Back to Metallb

Announce LoadBalancer services from VRFs

design/vrf-announcement.md

0.15.38.0 KB
Original Source

Announce LoadBalancer services from VRFs

Summary

The purpose of this enhancement is allow MetalLB to peer with external BGP peers using interfaces belonging to Linux VRFs, and to announce traffic from within VRFs.

The VRF support will be available only via the FRR based implementation.

Motivation

Having interfaces wrapped in VRFs allow to set a different default gateway than the regular one. This helps to avoid asymmetrical routing in scenarios where the nodes have multiple interfaces, providing that either the CNI is able to receive the traffic inside the VRF or the host networking is set up in a way that the VRF is able to communicate with the default one for the traffic related to the service's IP.

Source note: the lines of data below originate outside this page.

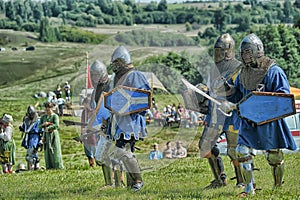 Knights in armor with shields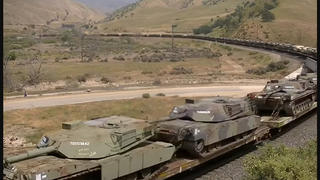 Fact Check: Footage Of Train Carrying Tanks Is NOT Headed To Ukraine -- Shows California In 2017
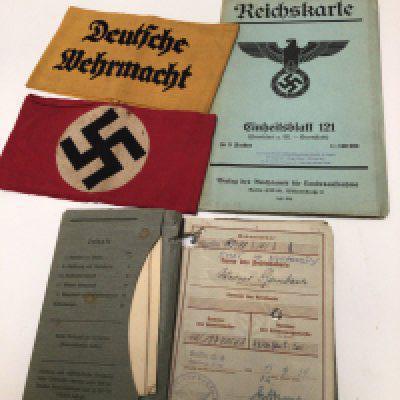 A German ID book dated 1939 two German Nazi party Arm bands and a German Third Reich map.
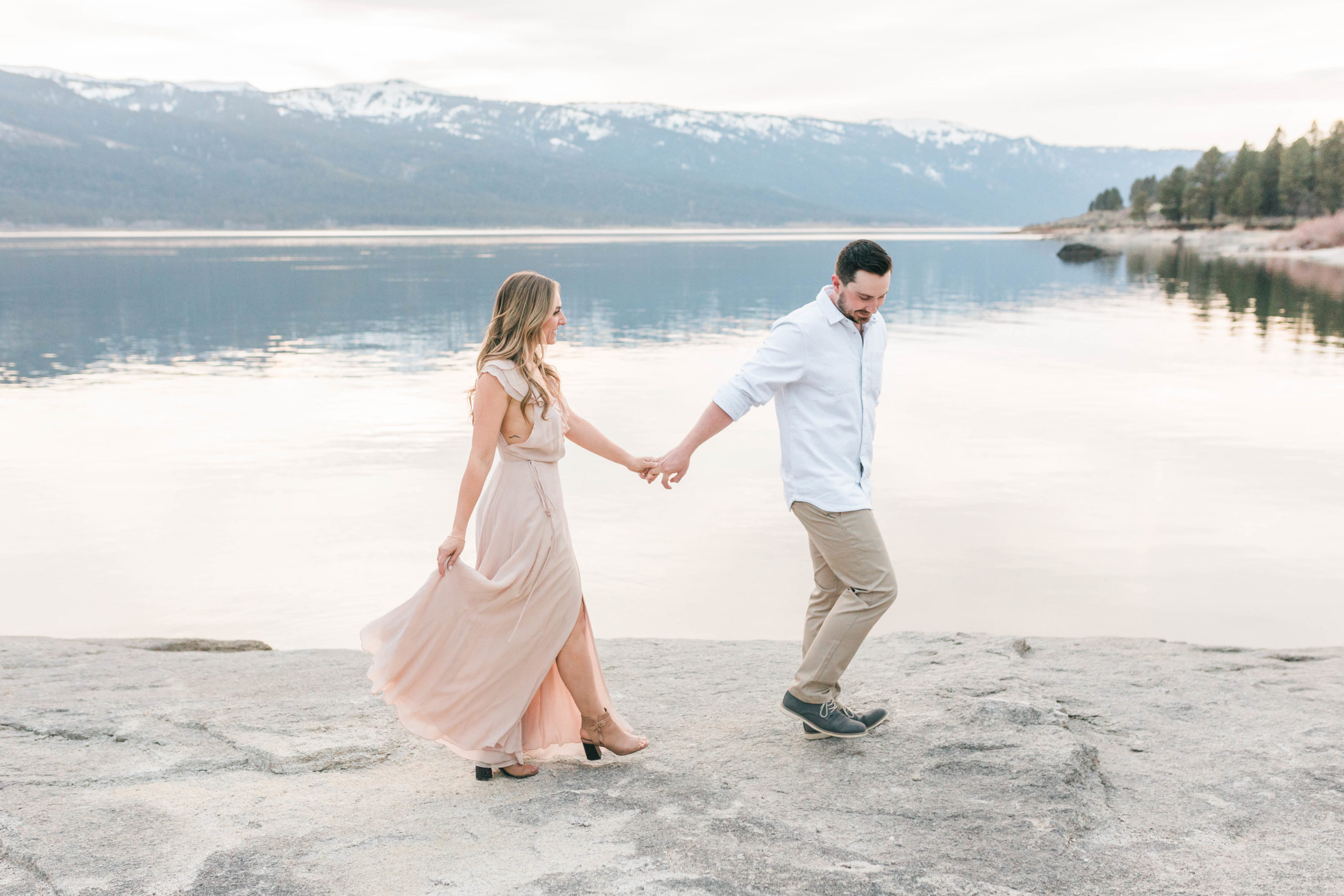 Boise wedding photographer captures couple holding hands and walking together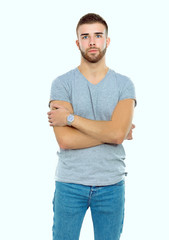 Portrait of a happy casual man standing isolated on a dark background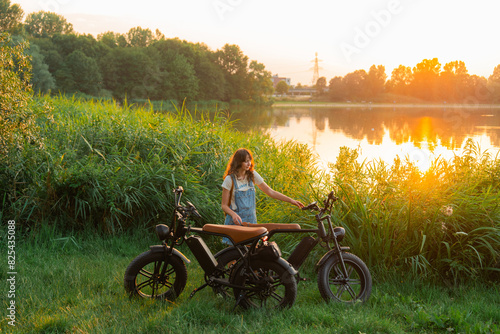 Woman standing near the motorcycle by the lake in summer  photo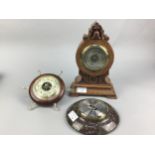 AN OAK CASED TABLE BAROMETER, TWO OTHER BAROMETERS AND A TRAY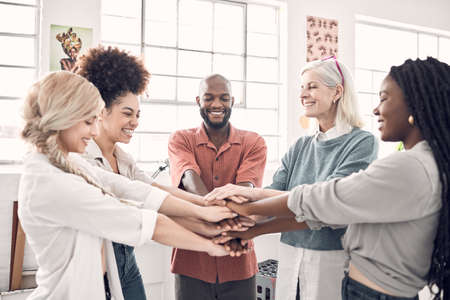 Group of five cheerful diverse businesspeople piling their hands together in an office at work....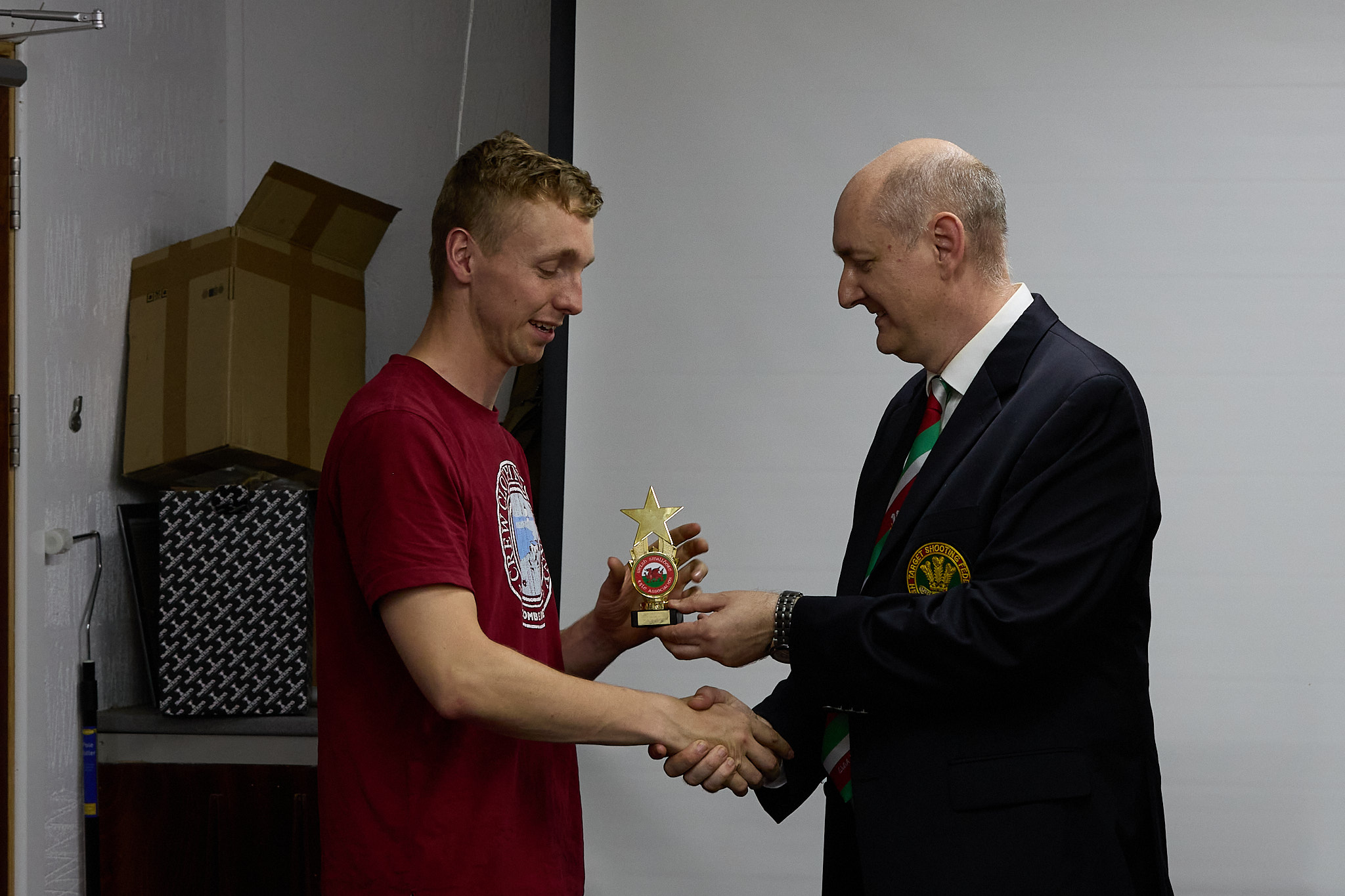 Two people stand in front of a projection screen. The man wearing a formal jacket and tie presents prize to an athlete.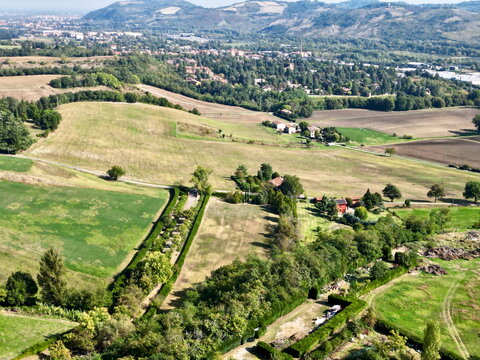Aerial view of country driveway and green fields in Italy for real estate background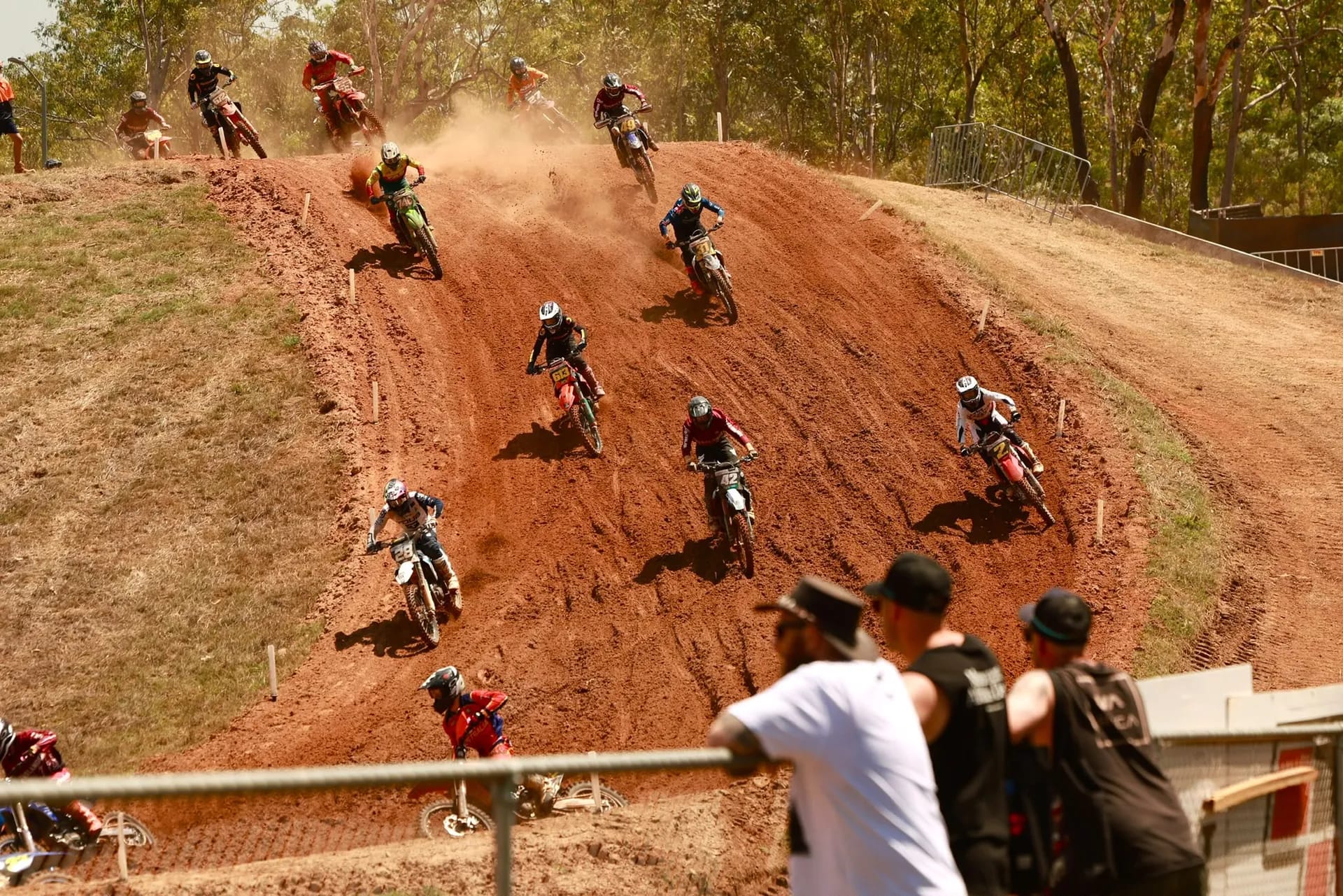 Motocross riders race down a steep red dirt section of the track as spectators watch from nearby.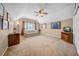 Spacious bonus room with a ceiling fan, neutral paint, and a large window for ample light at 17124 Falconridge Rd, Lithia, FL 33547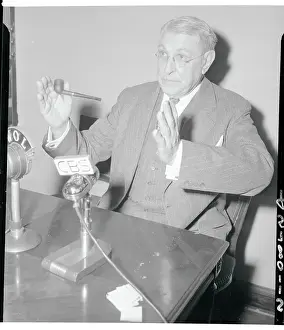 Owen J. Roberts Speaking with Pipe in Hand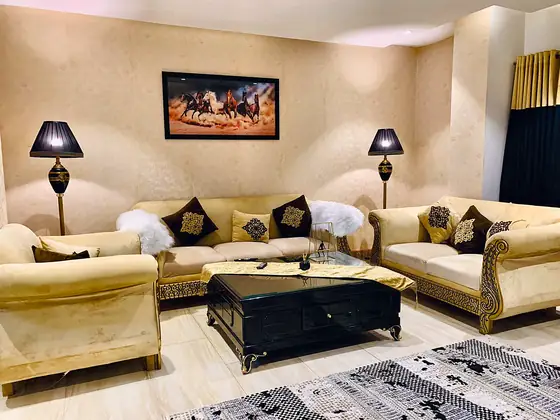 Cream velvet seating with black cushions, lamps and a patterned rug.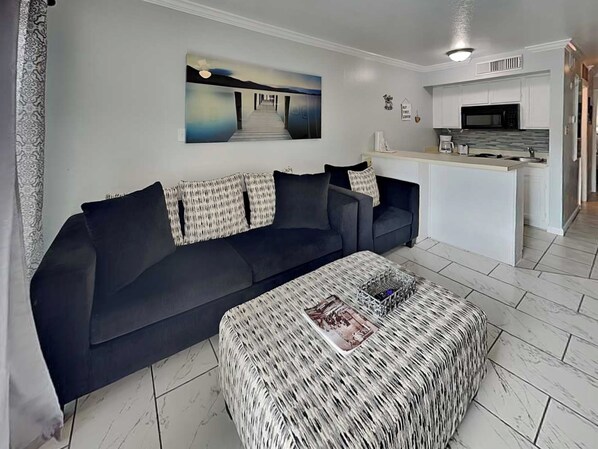 A modern living room with a dark sofa, a woven ottoman, and a kitchen area with white cabinets and a microwave. - All for Fun by Ryson Vacation Rentals (Galveston)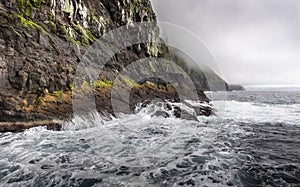 Ocean ahead of a rocky mountain beneath the gloomy clouds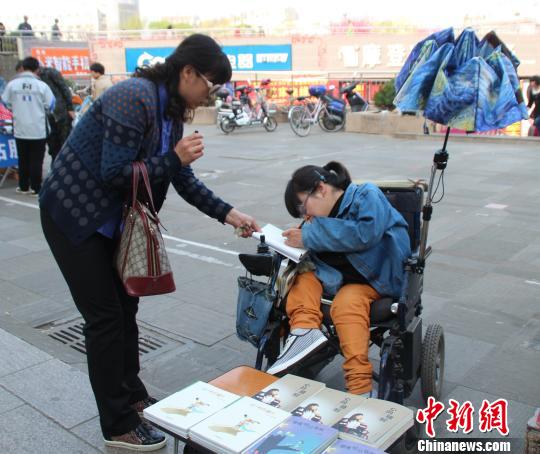 洛洛正在給買書的顧客簽名。 馮曉林 攝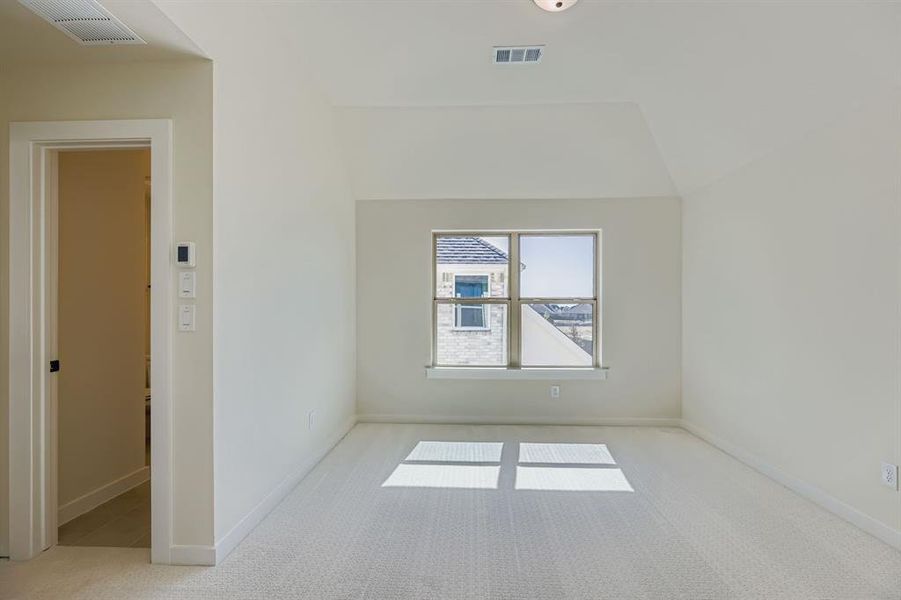 Unfurnished room featuring light carpet and baseboards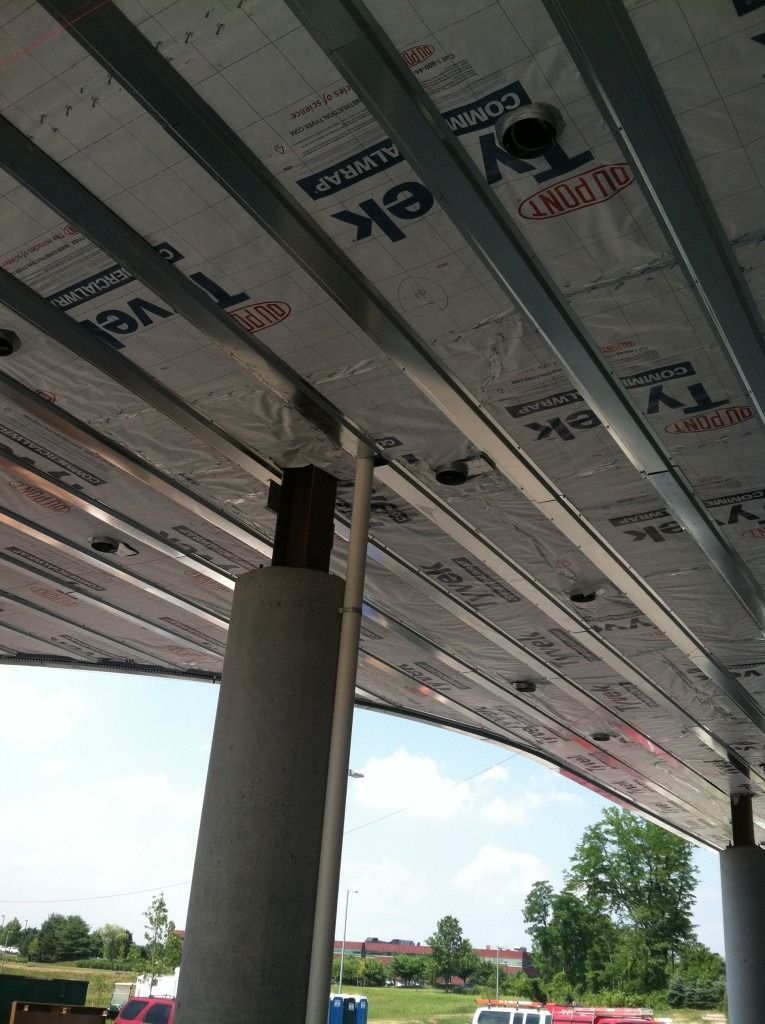 Underside of a roof under construction, with insulation panels and a support column visible.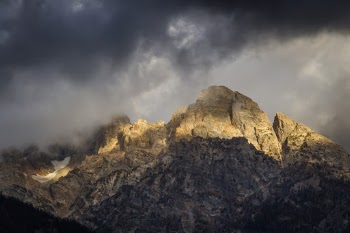 The weather was inclement most of the time while I was in Grand Teton NP, but occasionally the sun would break thru like this.     To learn how to take pictures like this, read my educational blogs at www.sharetimsphotos.com.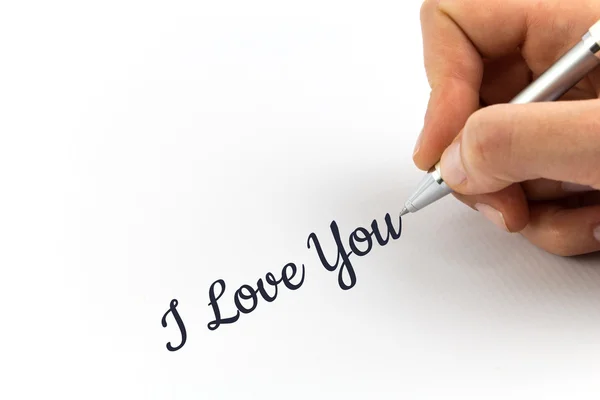 Χέρι που γράφει "I Love You" σε λευκό φύλλο χαρτιού. — Φωτογραφία Αρχείου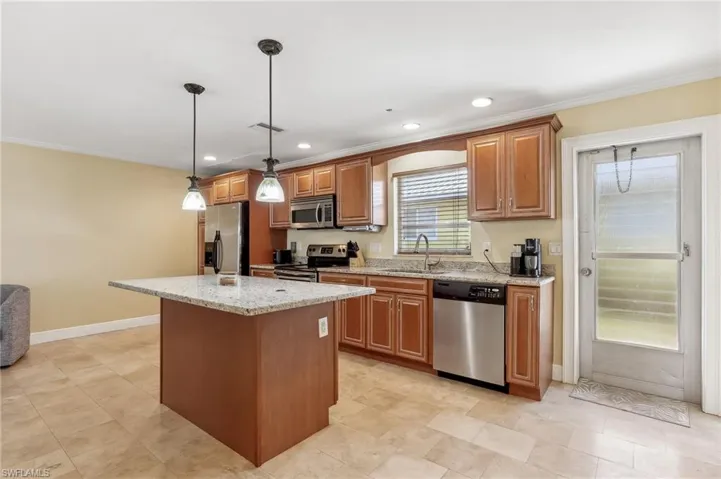 The Del Rey unit kitchen featuring light stone counters, stainless steel appliances, tile floors, a sink, a kitchen island, and pendant lighting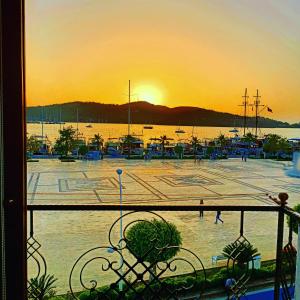 a view of a marina at sunset from a balcony at Mermaid suite in Fethiye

This is the default behaviour for a client coming from a router connected via an interface different from the default one.

none
             ▲
             │
             │
        ┌────┴────┐
        │ eth0    │
        │         │
┌───────┴─────────┴───────────┐
│                             │               ┌──────────────┐
│                             │               │              │
│                             ├────────┐      │              │
│                             │        │      │              │
│                             │ eth1   │◄─────┤     DCGW     │◄───────  Client
│                             │        │      │              │
│                             ├────────┘      │              │
│                             │               │              │
│                      Node   │               └──────────────┘
│                             │
└─────────────────────────────┘

And this is how it would look like with VRF:

none



               ┌─────────┐
               │ eth0    │
               │         │
       ┌───────┴─────────┴───────────┐
       │                             │               ┌──────────────┐
       │                      ┌──────┤               │              │
       │                      │      ├────────┐      │              │
       │                      │      │        │      │              │
       │                      │ VRF  │ eth1   │◄─────┤     DCGW     │◄───────  Client
       │                      │      │        │      │              │
       │                  ────┼────► ├────────┘      │              │
       │                      └──────┤               │              │
       │                      Node   │               └──────────────┘
       │                             │
       └─────────────────────────────┘

Other advantages of having VRFs on the node are:

  • being able to have more complex routing tables (i.e. multiple DCGWs for HA) without impacting the node networking
  • ease the troubleshooting of the traffic directed to the service
  • making it possible to have multiple clients (coming from different interfaces) sharing the same IP

VRF for BGP is supported by FRR out of the box.

Goals

  • Establish a BGP session with a BGP peer using an interface with VRF as master
  • Announce a LoadBalancer service to a BGP peer peered via an interface belonging to a VRF
  • Eventually, provide a guideline and an example on how to setup the VRF and the host routing, knowing that the routing logic might be CNI dependant

Non-Goals

  • Creating the VRF
  • Having MetalLB configure the host networking routing to drive the traffic towards / from the VRF
  • Having MetalLB to check the existence of the VRF on the host. What MetalLB will require to do is to expose the information that the BGP session can't be established, both via the current Prometheus metrics and via CRDs, in case we are going to extend the CRDs to report the state of the session.

Proposal

User Stories

Story 1

As a cluster administrator, I want to declare a BGP session specifying the host VRF to establish the session from.

Story 2

As a cluster administrator, I want to have the LoadBalancer IP announced to BGP peers connected from within a VRF

Design Details

VRF Design proposal

FRR is able to run a bgpd process inside a VRF, so what needs to be done is to enable the specific configuration. From the FRR docs:

none
router bgp ASN vrf VRFNAME

    VRFNAME is matched against VRFs configured in the kernel. When vrf VRFNAME is not specified, the BGP protocol process belongs to the default VRF.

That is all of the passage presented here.